United States District Court, W.D. Pennsylvania
Oct 18, 2010
Civil Action No. 10-767 (W.D. Pa. Oct. 18, 2010)

Opinion

Civil Action No. 10-767.

October 18, 2010


MEMORANDUM


This is an action in civil rights. Plaintiff, Brittany Toplisek, alleges that defendants retaliated against her for filing complaints against them. Plaintiff further contends that this retaliation violated her First Amendment rights pursuant to Section 1983 of the Civil Rights Act ("Section 1983"). See 42 U.S.C. § 1983. Plaintiff seeks monetary relief, including punitive damages, attorney's fees and costs, pre and post judgment interest, delay damages, and damages for emotional distress. She also seeks reformation of her school records and letters of good reference.

Defendants are Canon McMillan School District ("Canon-McMillan"); Dr. Nick Bayat, Superintendent of Canon-McMillan; Linda Nichols, former principal of Canon McMillan High School; Michele Moeller, softball coach of Canon McMillan High School Varsity Team; Steven Moskal, head softball coach of Canon McMillan High School Varsity Team; and David Helsinki, current principal of Canon McMillan High School. Plaintiff asserts claims against the individual defendants in their individual and official capacities.

In a related cause of action brought by plaintiff alleging violations of Section 1983 and other federal violations for failing to adequately investigate, supervise, and train employees, and for failing to effectuate and follow policies and procedures, this court granted defendants' motion for summary judgment. See Maier v. Canon McMillan School District, No. 08-154, 2009 WL 2591098, at * 1 (W.D. Pa. Aug, 20, 2009). This case is now pending appeal in the Court of Appeals for the Third Circuit.

Before the court are defendants' motions to dismiss pursuant to Fed.R.Civ.P. 12(b)(6). [doc. nos. 9, 11]. For the reasons that follow, defendants' motions will be granted in part and denied in part.

I. BACKGROUND

We accept the following relevant material facts set forth in the complaint as true solely for the purpose of rendering an opinion on the motions to dismiss.

At all relevant times, plaintiff, Brittany Toplisek, was a student attending Canon McMillan High School and a member of the school's softball team. On February 13, 2006, plaintiff's parents met with Ms. Nichols, the principal of Canon McMillan High School at the time, and Ms. Moeller, the softball coach of the varsity team. They discussed the parents' concerns about an inappropriate relationship between plaintiff and Justin Bedillion, the volunteer softball coach.

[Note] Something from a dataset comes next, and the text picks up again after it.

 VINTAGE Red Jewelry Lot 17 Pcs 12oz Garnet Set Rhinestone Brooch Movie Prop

Starting in 2005 and continuing into 2006, plaintiff was subjected to a series of sexual advances by a volunteer softball coach, Justin Bedillion, occurring both in the school building where plaintiff attended classes and during or following school functions outside of the school building. A series of acts of sexual intercourse between plaintiff and Bedillion took place until approximately August 2006. Bedillion was arrested and charged with committing sexual offenses against plaintiff and another student at Canon McMillan High School on or about December 2006. Bedillion was subsequently convicted of sexual offenses against plaintiff in the Court of Common Pleas of Washington County. See Maier v. Canon McMillan School District, No. 08-154, 2009 WL 2591098 (W.D. Pa. Aug. 20, 2009).

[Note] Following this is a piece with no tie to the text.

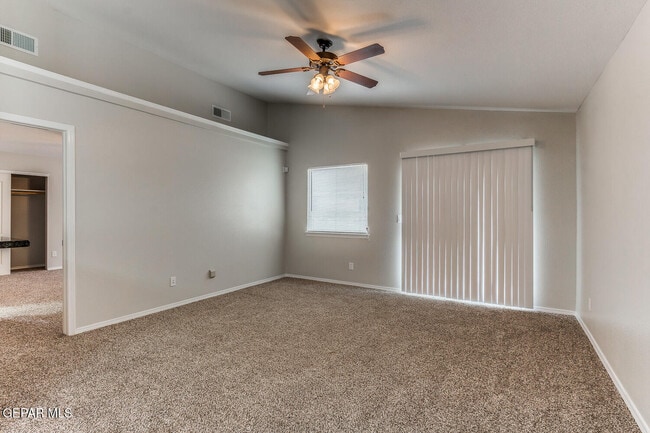Building Photo - 814 Desert Silver Dr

On or about February 4, 2008, plaintiff filed a lawsuit in federal court against Canon-McMillan and several of its agents and employees, including defendants Dr. Nick Bayat, Linda Nichols, and Michele Moller. Plaintiff alleges that, after she filed the complaint, defendants, its agents and/or employees, and other students, made inappropriate comments directly to her. Plaintiff reported the comments to all defendants; however, defendants did not discipline those offending individuals, contrary to school policy. Plaintiff also complained to all defendants that she was treated differently than other members of her school softball team.

According to the complaint, defendants excluded plaintiff from participating on the school's softball team and refused to provide her with training available to other team members because her actions had created a "hostile situation". [doc. no. 1, ¶ 27]. Plaintiff alleges that defendants' actions deprived her of potential collegiate athletic scholarships.

In addition, plaintiff contends that she was disciplined more severely than other students. Specifically, plaintiff alleges that she was suspended from school for fighting with another softball player, while the other player was not suspended.

Plaintiff filed this lawsuit on June 5, 2010, alleging one count: a First Amendment retaliation claim pursuant to Section 1983. In her complaint, plaintiff alleges that she engaged in constitutionally protected activity; that Canon-McMillan and the individual defendants responded with retaliation; and that the protected activity caused the retaliation.

Defendants, Canon-McMillan, Dr. Nick Bayat, Linda Nichols, Michele Moeller, Stephen Moskal and David Helsinki, filed a motion to dismiss pursuant to Fed.R.Civ.P. 12(b)(6), seeking to dismiss the individual defendants in their official capacity as well as all punitive damages claims against all defendants, in their individual and official capacities. Simultaneously, defendant David Helsinki filed a separate 12(b)(6) motion to dismiss, contending that he should be dismissed in his individual capacity because plaintiff failed to state a claim against him. On August 9, 2010, all the defendants joined defendant Helsinki's 12(b)(6) motion to dismiss. [doc. no. 13].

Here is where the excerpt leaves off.